Cassandra Lewis
Reconnue béninoise, Cassandra Lewis remercie le gouvernement. Styliste modéliste, la sexagénaire de 61 ans est une arrière-petite-fille de Cudjo Oluale Kossola Lewis, natif de Bantè, déporté en Alabama, aux États-Unis pendant la période coloniale. Née et grandie au pays de l’Oncle Sam, celle qui est aujourd’hui mère de deux enfants, s’était engagée depuis quelques mois à renouer à ses origines. C’est désormais chose faite. Elle détient désormais son attestation de nationalité béninoise depuis le 22 mai 2026.
Devant la presse, Cassandra Lewis a remercié, jeudi 28 mai 2026, à Cotonou, les autorités béninoises pour ce document qui lui permet de renouer officiellement avec la terre de ses ancêtres. Très émue, elle a rappelé que cette reconnaissance représente bien plus qu’un document administratif. Selon elle, il s’agit d’un retour symbolique vers la terre quittée de force par son ancêtre au XIXe siècle, dans le contexte dramatique de la traite négrière transatlantique.
Pour Cassandra Lewis, cette attestation de nationalité constitue l’aboutissement d’une longue quête identitaire. Elle a confié que son arrière-grand-père nourrissait le rêve de retourner un jour sur sa terre natale, un souhait qui n’a jamais pu se réaliser de son vivant. Un rêve qu’elle vient de réaliser en tant que fille de la 5e génération de Cudjo Oluale Kossola Lewis. Aujourd’hui, se réjouit-elle, à travers cette reconnaissance officielle par l’État béninois, sa descendance estime accomplir une part de ce rêve interrompu.
L’Afrodescendante apprend avoir convaincu la justice béninoise après un test d’ADN et une documentation au nom de son arrière- grand-père. Elle a exhorté tous les afro-descents qui se reconnaîtront dans son histoire à engager le processus pour vivre ce bonheur et cette fierté qu’elle ressent.

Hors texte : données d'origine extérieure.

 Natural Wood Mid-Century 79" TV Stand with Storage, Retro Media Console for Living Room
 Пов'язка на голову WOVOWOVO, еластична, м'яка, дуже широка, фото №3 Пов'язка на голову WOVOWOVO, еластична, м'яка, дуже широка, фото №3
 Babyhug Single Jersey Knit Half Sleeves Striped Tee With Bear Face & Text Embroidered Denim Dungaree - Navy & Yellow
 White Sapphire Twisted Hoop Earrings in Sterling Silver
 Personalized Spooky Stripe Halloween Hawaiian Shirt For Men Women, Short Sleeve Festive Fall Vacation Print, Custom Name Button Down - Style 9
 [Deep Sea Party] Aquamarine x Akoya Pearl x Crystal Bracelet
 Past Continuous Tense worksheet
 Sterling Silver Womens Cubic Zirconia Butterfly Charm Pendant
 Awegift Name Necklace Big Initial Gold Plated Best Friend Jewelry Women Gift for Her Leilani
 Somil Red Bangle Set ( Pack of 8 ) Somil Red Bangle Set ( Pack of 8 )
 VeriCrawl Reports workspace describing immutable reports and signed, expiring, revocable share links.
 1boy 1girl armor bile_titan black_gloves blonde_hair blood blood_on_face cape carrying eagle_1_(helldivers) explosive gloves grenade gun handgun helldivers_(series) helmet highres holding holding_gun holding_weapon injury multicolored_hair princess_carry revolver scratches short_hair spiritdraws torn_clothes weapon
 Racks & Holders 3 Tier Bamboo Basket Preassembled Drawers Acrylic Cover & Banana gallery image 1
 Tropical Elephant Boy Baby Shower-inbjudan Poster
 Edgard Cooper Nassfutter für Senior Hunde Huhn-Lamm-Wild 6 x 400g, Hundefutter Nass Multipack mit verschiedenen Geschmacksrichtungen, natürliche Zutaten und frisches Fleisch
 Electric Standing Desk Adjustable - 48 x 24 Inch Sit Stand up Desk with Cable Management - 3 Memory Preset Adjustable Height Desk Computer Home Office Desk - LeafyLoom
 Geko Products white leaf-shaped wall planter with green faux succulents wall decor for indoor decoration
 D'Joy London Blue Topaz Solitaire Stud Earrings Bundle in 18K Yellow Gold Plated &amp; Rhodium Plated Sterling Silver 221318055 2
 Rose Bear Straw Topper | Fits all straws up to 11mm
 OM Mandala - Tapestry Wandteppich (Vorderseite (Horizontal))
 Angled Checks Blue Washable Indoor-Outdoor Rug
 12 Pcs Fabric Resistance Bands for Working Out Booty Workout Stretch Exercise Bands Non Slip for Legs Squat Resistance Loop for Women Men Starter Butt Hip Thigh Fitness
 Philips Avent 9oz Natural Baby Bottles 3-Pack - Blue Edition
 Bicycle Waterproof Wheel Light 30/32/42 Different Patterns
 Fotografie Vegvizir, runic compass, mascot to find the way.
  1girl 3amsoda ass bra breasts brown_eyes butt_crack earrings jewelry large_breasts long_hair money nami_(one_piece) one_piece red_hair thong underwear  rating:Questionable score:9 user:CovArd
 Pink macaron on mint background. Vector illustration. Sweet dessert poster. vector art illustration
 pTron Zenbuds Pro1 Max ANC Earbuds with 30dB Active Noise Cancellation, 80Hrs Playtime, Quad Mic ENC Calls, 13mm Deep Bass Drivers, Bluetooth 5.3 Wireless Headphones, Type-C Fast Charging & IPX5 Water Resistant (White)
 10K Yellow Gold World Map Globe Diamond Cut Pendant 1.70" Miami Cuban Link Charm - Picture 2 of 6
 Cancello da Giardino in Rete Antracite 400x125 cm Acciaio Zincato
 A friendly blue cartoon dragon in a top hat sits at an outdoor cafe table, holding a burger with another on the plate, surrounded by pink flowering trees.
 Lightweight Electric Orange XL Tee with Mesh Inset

Comme Cassandra Lewis, plusieurs afro-descendants ont renoué les liens avec le Bénin leur pays d’origine depuis le lancement en juillet 2025 de la campagne ‘’My Afro Origins’’. L'initiative fait suite au vote de la loi n°2024-31 du 2 septembre 2024 relative à la reconnaissance de la nationalité béninoise aux Afro-descendants. Ce texte fondateur consacre, pour la première fois dans l’histoire juridique du pays, le droit au retour et à la citoyenneté pour les descendants d’Africains subsahariens déportés hors du continent africain durant la traite des Noirs et le commerce triangulaire.